→ **STORED DATA**
□ □ □
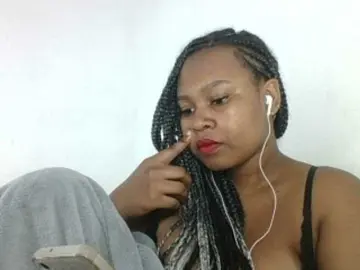 Triida  live sex cam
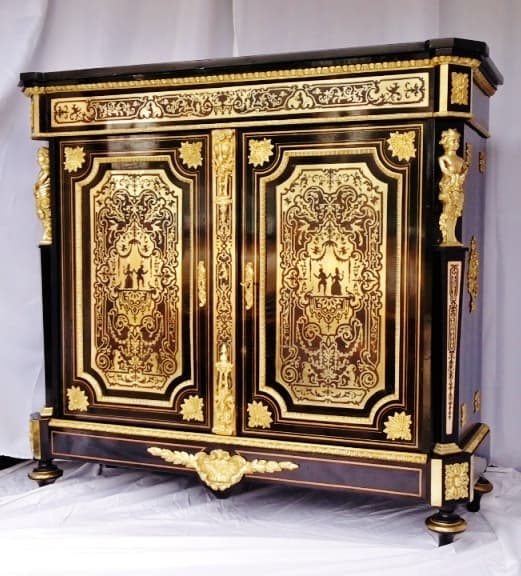 les meubles et objets de prestige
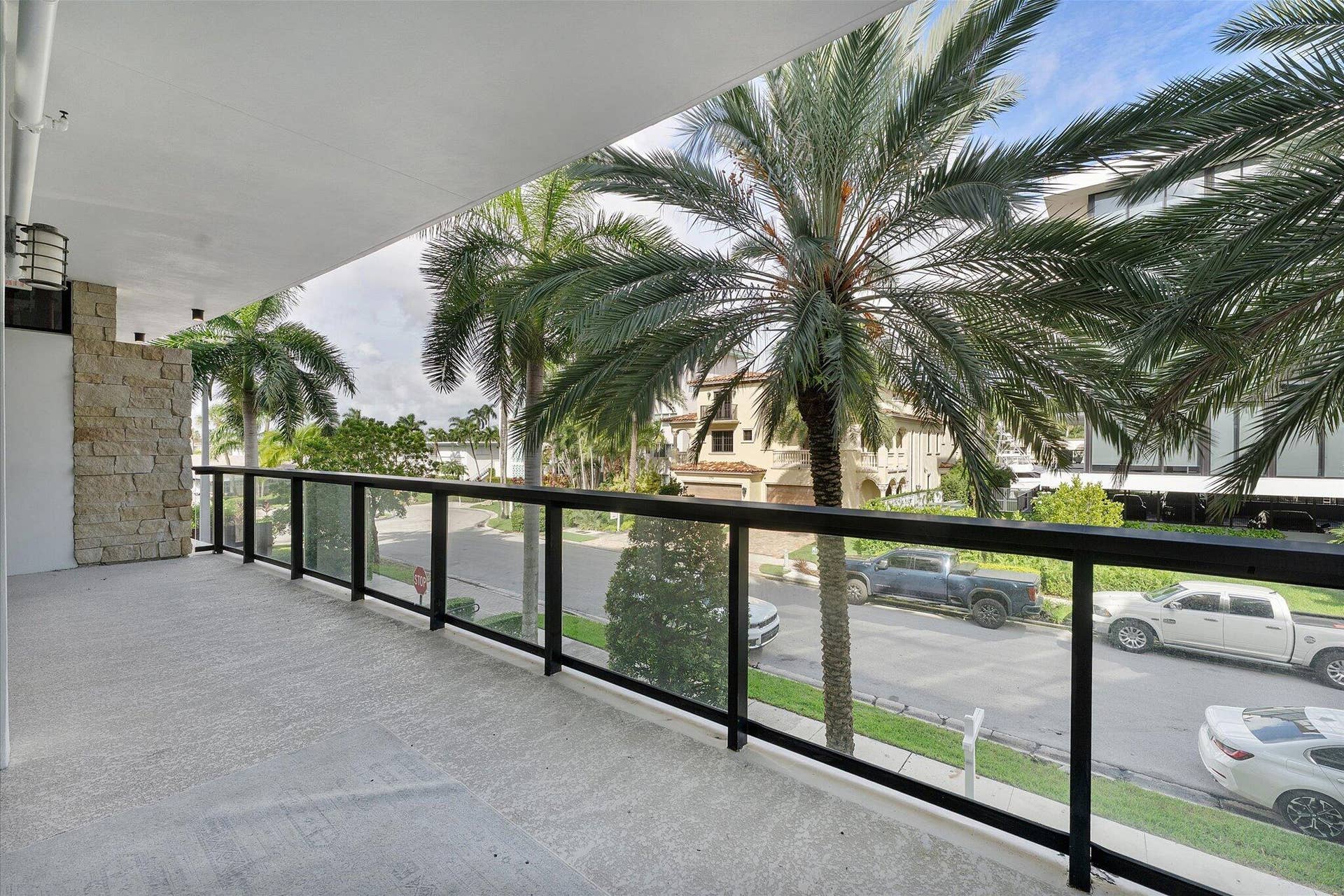 161 ISLE OF VENICE Drive, #203, Fort Lauderdale, FL 33301 33-161 Isle of Venice_033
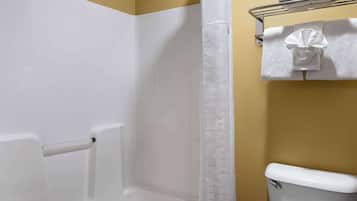 Duschwanne, kostenlose Toilettenartikel, Haartrockner, Handtücher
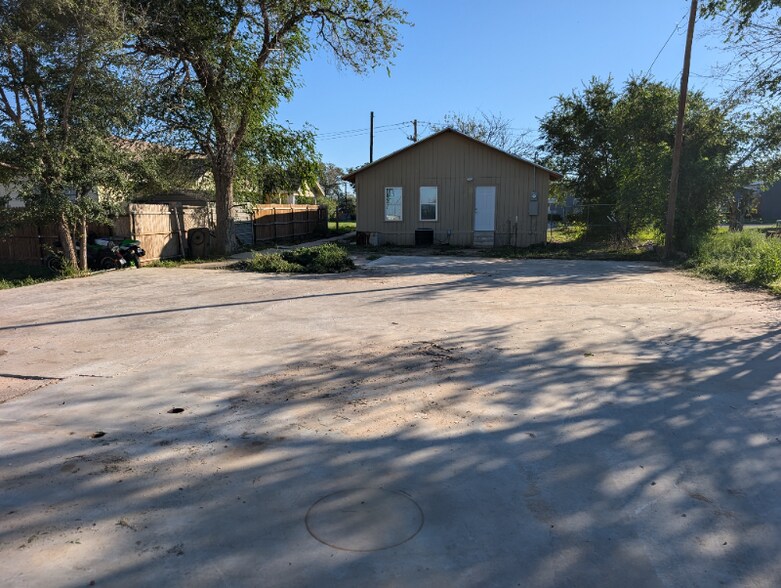 Building Photo - 406 Goliad St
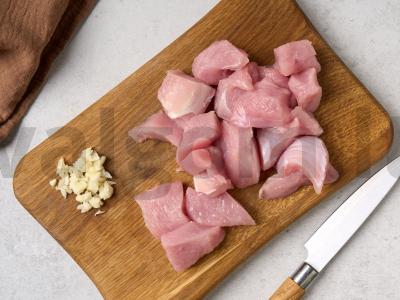 Kalakutiena su cukinijomis lėtoje viryklėje Žingsnis 1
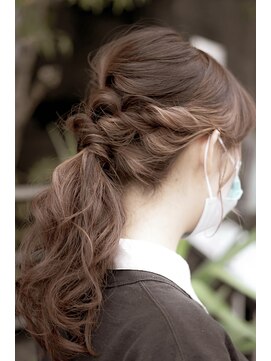 ニーイチイチ(211) ゆるふわウェーブ編み下ろし/ミルクティーベージュ/ヘアセット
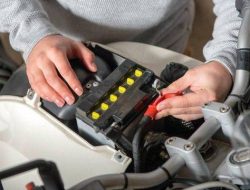 Mengapa Aki Motor Cepat Habis? Ini Penjelasan Lengkap
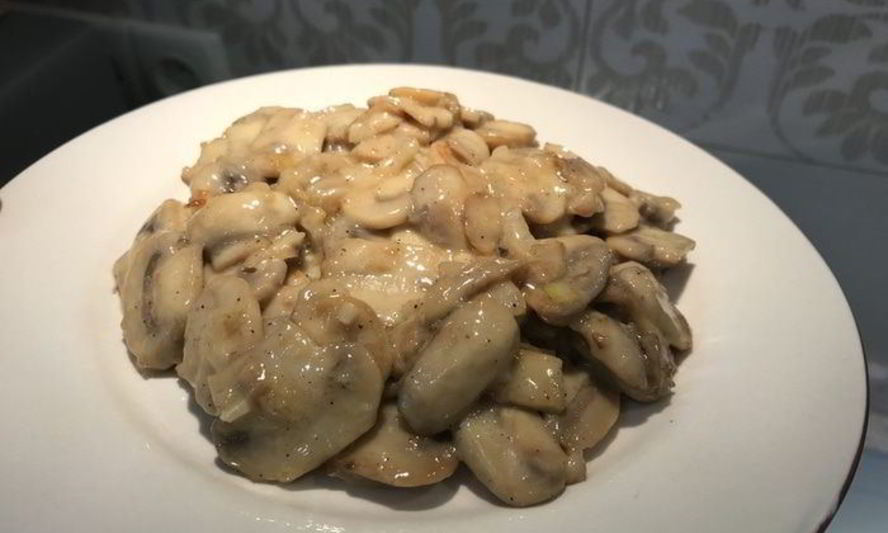 Рецепт жареных шампиньонов в сметане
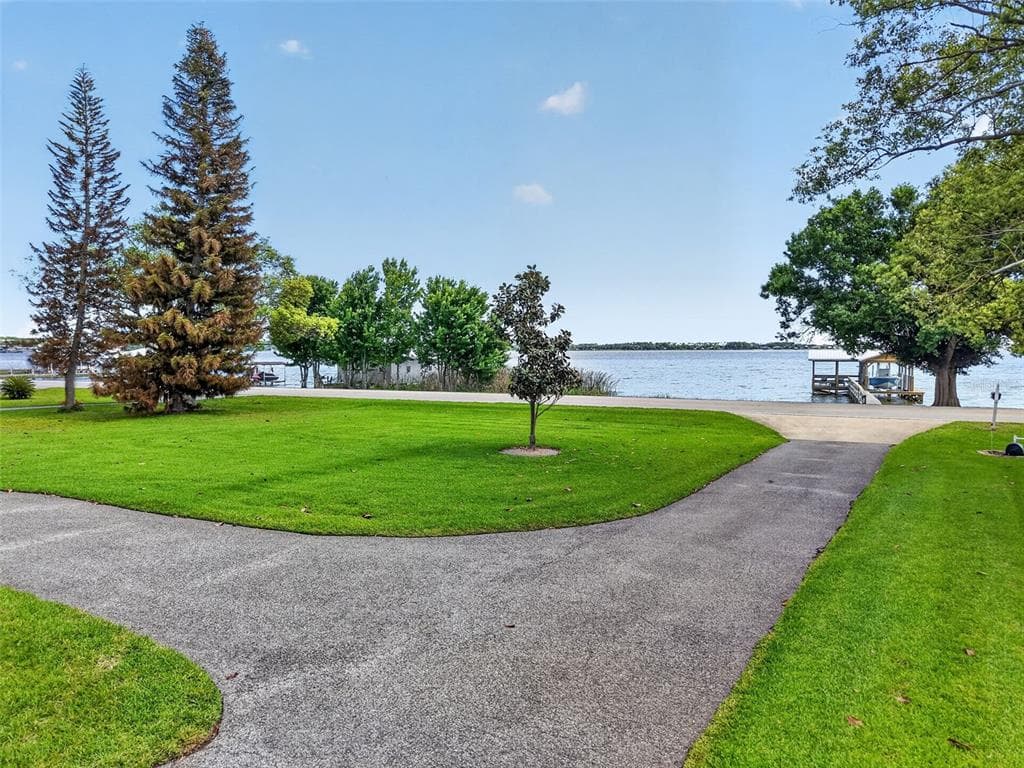 1735 LAKESHORE DRIVE 2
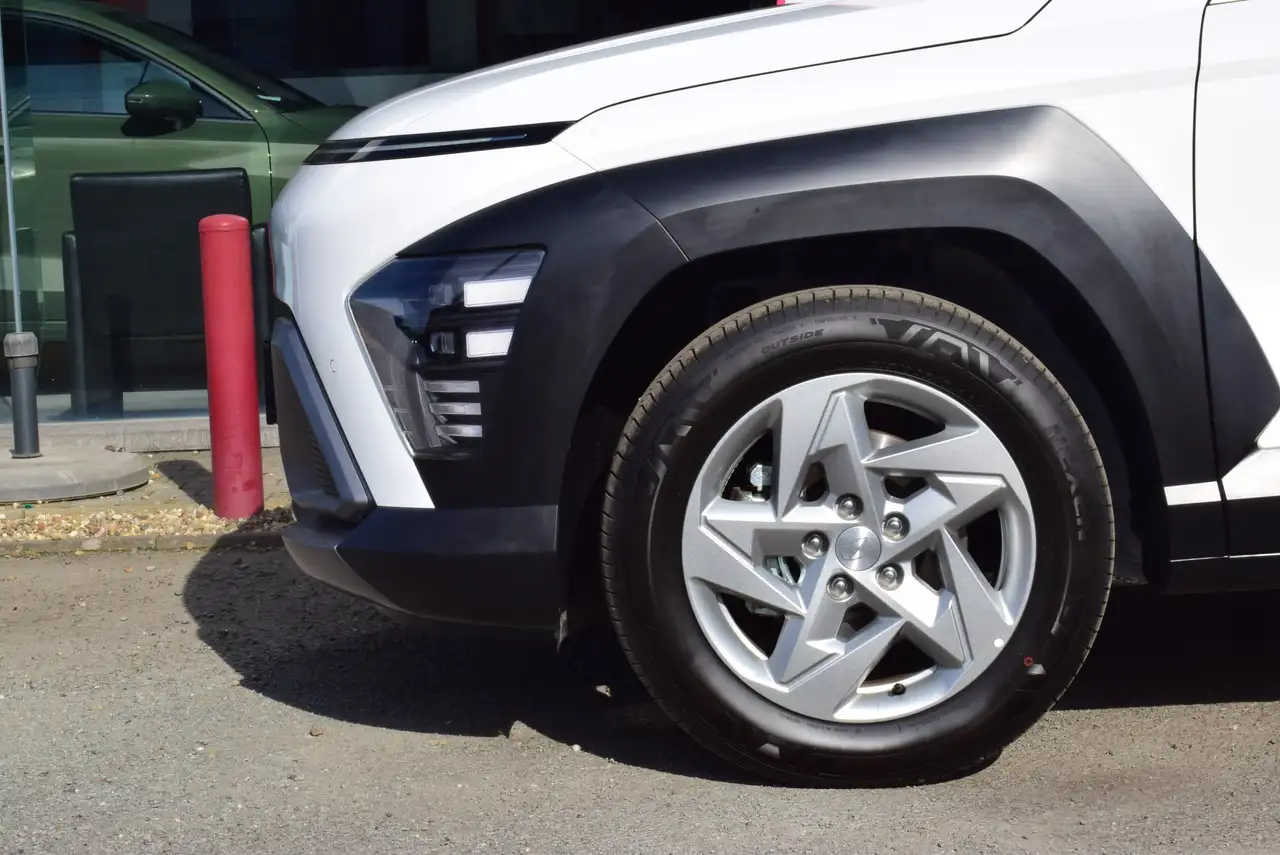 Hyundai KONA - 11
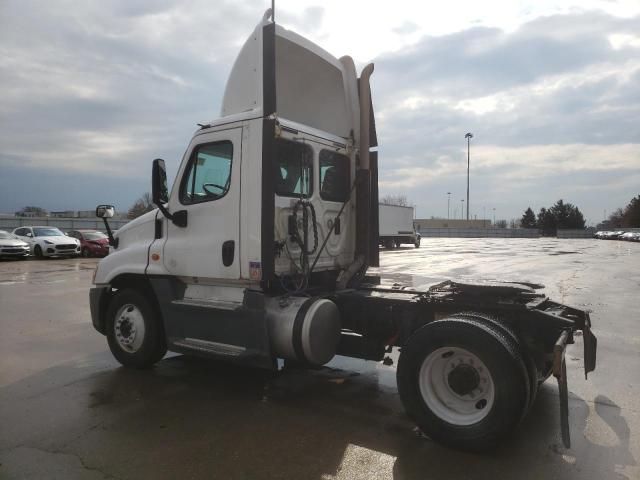 2016 Freightliner Cascadia 125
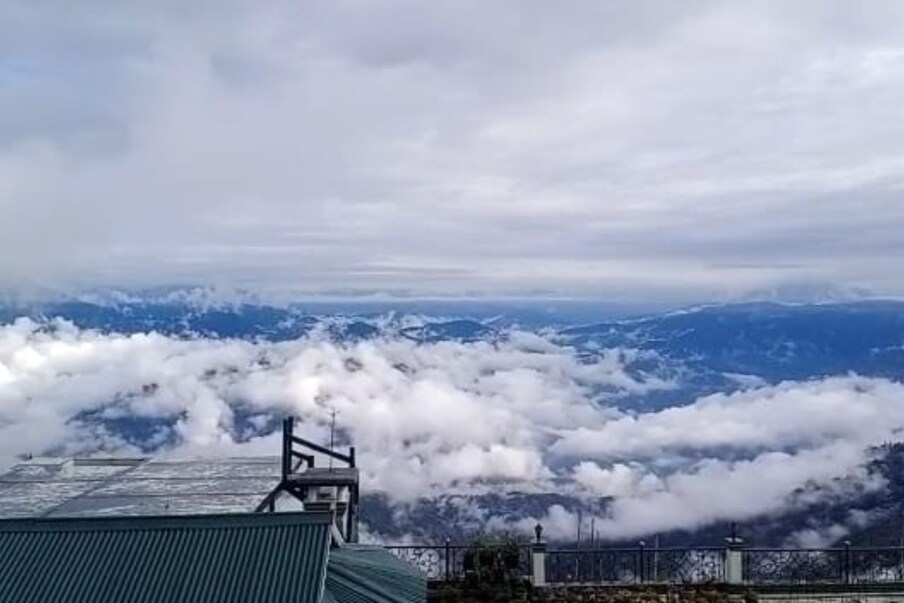  মঙ্গলবার সকাল থেকেও পাহাড় মেঘ আর কুয়াশার লুকোচুরি। দার্জিলিং ও কালিম্পঙের অপরূপ চেহারা ফুটে উঠল পর্যটকদের সামনে।
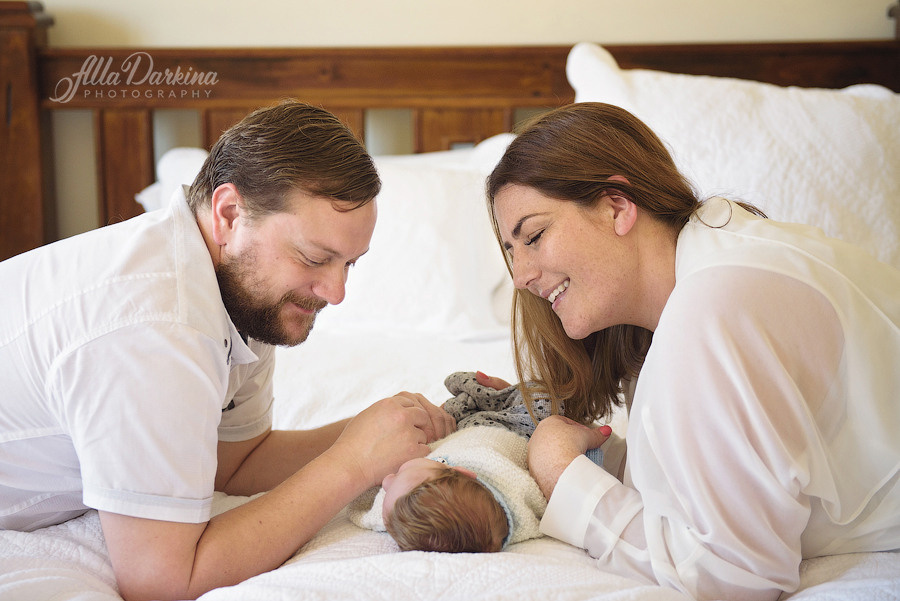 Lifestyle newborn session price guide. Newborn and family photographer. Hills District. Sydney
□ □ □
→ **WHAT NEEDS TO BE DONE**
In the data above, find the line containing "ニーイチイチ(211) ゆる" and the line containing "2016 Freightliner Cascadia 125". Copy exactly the stretch from the first through the second, both included, leaving out any picture.

→ **ANSWER TO THE EXERCISE**
 ニーイチイチ(211) ゆるふわウェーブ編み下ろし/ミルクティーベージュ/ヘアセット
 Mengapa Aki Motor Cepat Habis? Ini Penjelasan Lengkap
 Рецепт жареных шампиньонов в сметане
 1735 LAKESHORE DRIVE 2
 Hyundai KONA - 11
 2016 Freightliner Cascadia 125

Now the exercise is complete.